Working with Entities
The entities repository is the primary way to work with FollowTheMoney data in ftm-lakehouse. It provides a unified API for reading, writing, and querying entities.
Overview
Entities in ftm-lakehouse are stored as statements – granular property-level records. This design enables:
- Versioning: Track changes over time via
first_seen/last_seen - Provenance: Know where each piece of data came from (
origin,original_value, and other metadata from the Statement model) - Incremental updates: Add new data without reprocessing everything
- Deduplication: Merge entities from multiple sources via
canonical_id
The underlying storage is a single Delta Lake table per dataset, partitioned by (shard, bucket, origin):
shard–hash(entity_id) % LAKEHOUSE_ENTITY_SHARDS, hex-paddedbucket– coarse FtM schema group (thing,interval,document,page,pages,mention)origin– caller-supplied source tag
Writes are append-only. Deduplication, first_seen folding, and tombstone reaping happen via three async maintenance operations (compact, merge, vacuum), all guarded by a dataset-wide write fence at .LOCK.
Quick Start
from ftm_lakehouse import ensure_dataset
dataset = ensure_dataset("my_dataset")
# Write entities
with dataset.entities.writer(origin="import") as writer:
for entity in entities:
writer.add_entity(entity)
# Persist the journal to parquet
dataset.entities.flush()
# Read a specific entity
entity = dataset.entities.get("entity-id-123")
# Query entities
for entity in dataset.entities.query():
process(entity)
The repository shortcut:
from ftm_lakehouse import lake
entities = lake.get_entities("my_dataset")
entities.add(entity, origin="import")
Writing Entities
Single Entity
from ftm_lakehouse import ensure_dataset
from followthemoney import model
dataset = ensure_dataset("my_dataset")
entity = model.make_entity("Person")
entity.id = "jane-doe"
entity.add("name", "Jane Doe")
entity.add("nationality", "us")
dataset.entities.add(entity, origin="manual")
Bulk Writing (through the journal)
For interactive ingestion that wants the journal's per-row dedup and crash-safety guarantees:
with dataset.entities.writer(origin="bulk_import") as writer:
for entity in source_entities:
writer.add_entity(entity)
Writes buffer in a SQL journal. Call dataset.entities.flush() to drain the journal into parquet:
Bulk Import (bypassing the journal)
For one-shot loads where journal write-amplification is wasteful (millions of entities from an exported file), stream through an in-memory shard buffer and write directly to parquet:
from datetime import datetime, timezone
from ftmq.io import smart_read_proxies
from ftm_lakehouse.logic.entities.buffer import EntityBuffer
repo = dataset.entities
buffer = EntityBuffer(dataset.name, dataset.model.shards, origin="bulk")
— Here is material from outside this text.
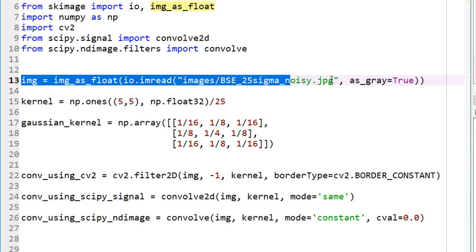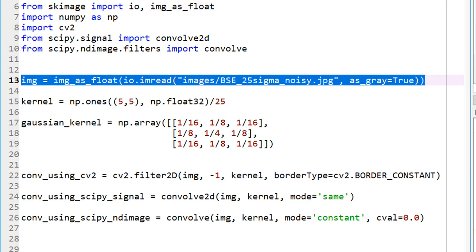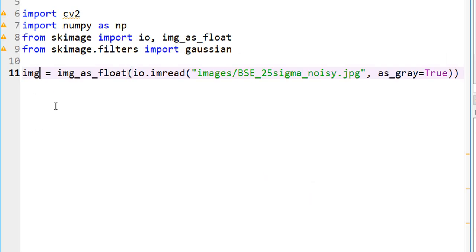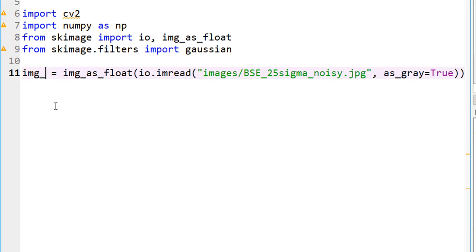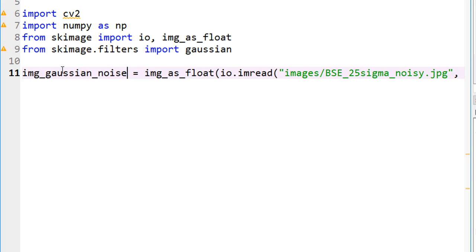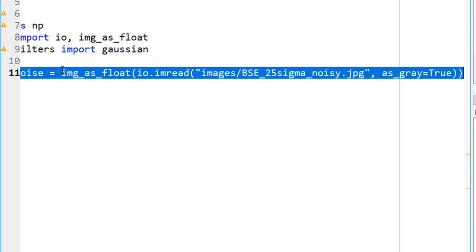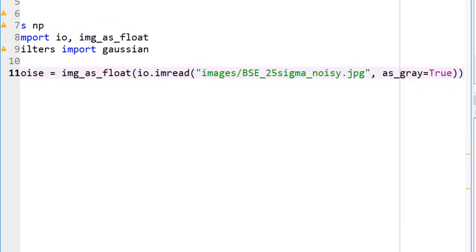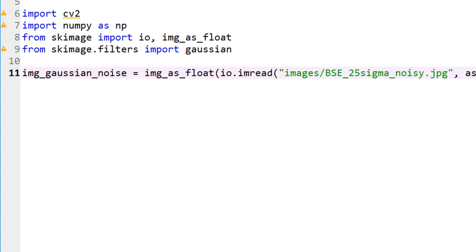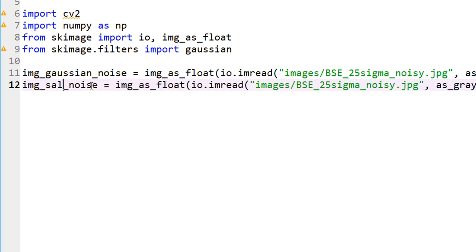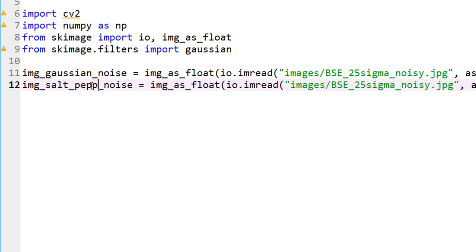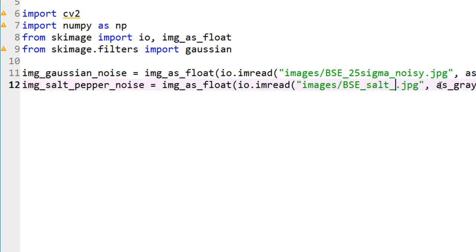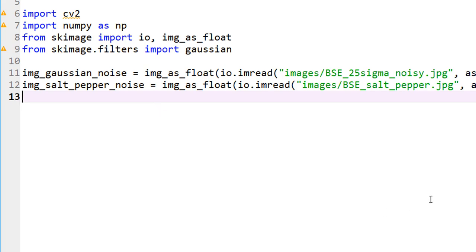Let's go ahead and read our image. It makes sense to define two different images. I have one image with Gaussian noise and another image with some salt and pepper noise. Let me create some more room here. This is salt-pepper noise, this image I called salt-pepper.jpg. All I'm doing is just importing the images. Just to sanity check, let me go ahead and run it to make sure the images are imported correctly. It looks like everything is fine.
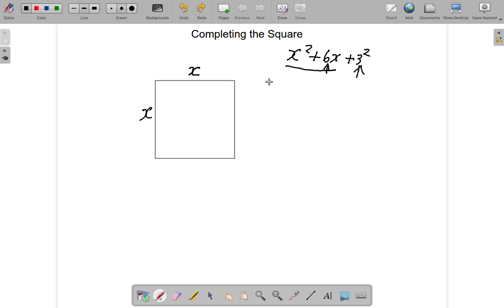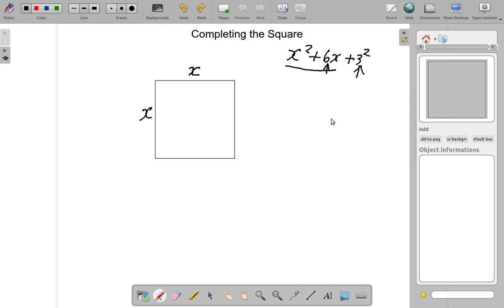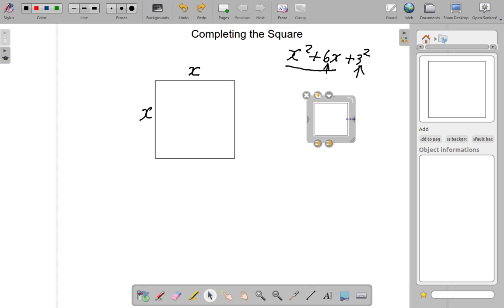Now, the question is: what does this 6X business look like? Here we have our X squared, and this represents an area. The X squared that we have is the area of this square — X multiplied by X gives you X squared. Let's look at this 6X part. We want to see what it is. Now, we don't have a square here anymore — we have a rectangle.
now = datetime.now(timezone.utc)
for proxy in smart_read_proxies("entities.ftm.json"):
buffer.add_entity(proxy)
if len(buffer) >= 1_000_000:
repo.write_statements(buffer.flush_buffer(), now=now)
if buffer:
repo.write_statements(buffer.flush_buffer(), now=now)
The EntityBuffer keys statements by ID and sorts by shard on flush; repo.write_statements packs the sorted stream per partition into one parquet file per (shard, bucket, origin) triple.
The CLI command ftm-lakehouse entities import does exactly this.
Reading Entities
Get by ID
Query with Filters
for entity in dataset.entities.query(origin="import"):
print(entity.id)
ids = ["jane-doe", "john-smith"]
for entity in dataset.entities.query(entity_ids=ids):
print(entity.caption)
# By schema bucket (thing / interval / document / page / pages / mention)
for entity in dataset.entities.query(bucket="thing"):
print(entity.schema.name)
Stream from Exported File
For full-dataset iteration, streaming from the pre-exported JSON file is typically faster than running an aggregating query against the parquet store:
stream() reads from entities.ftm.json. Use query() to read the live statement store; iterate() on the CLI does the same.
The Origin Field
origin is part of the partition key (alongside shard and bucket) and tracks where data came from. Useful for filtering, auditing, and partition-scoped re-runs:
with dataset.entities.writer(origin="source_a") as writer:
for entity in source_a_entities:
writer.add_entity(entity)
with dataset.entities.writer(origin="source_b") as writer:
for entity in source_b_entities:
writer.add_entity(entity)
for entity in dataset.entities.query(origin="source_a"):
print(entity.id)
Deleting Entities
Deletes are tombstones routed through the journal (or EntityBuffer for the bulk path). They land in parquet as rows with deleted_at set. The default query view filters out tombstones via deleted_at IS NULL, so deleted entities disappear from query() and stream() as soon as merge has collapsed the live + tombstone pair.
Delete an Entity
count = dataset.entities.delete_entity("jane-doe")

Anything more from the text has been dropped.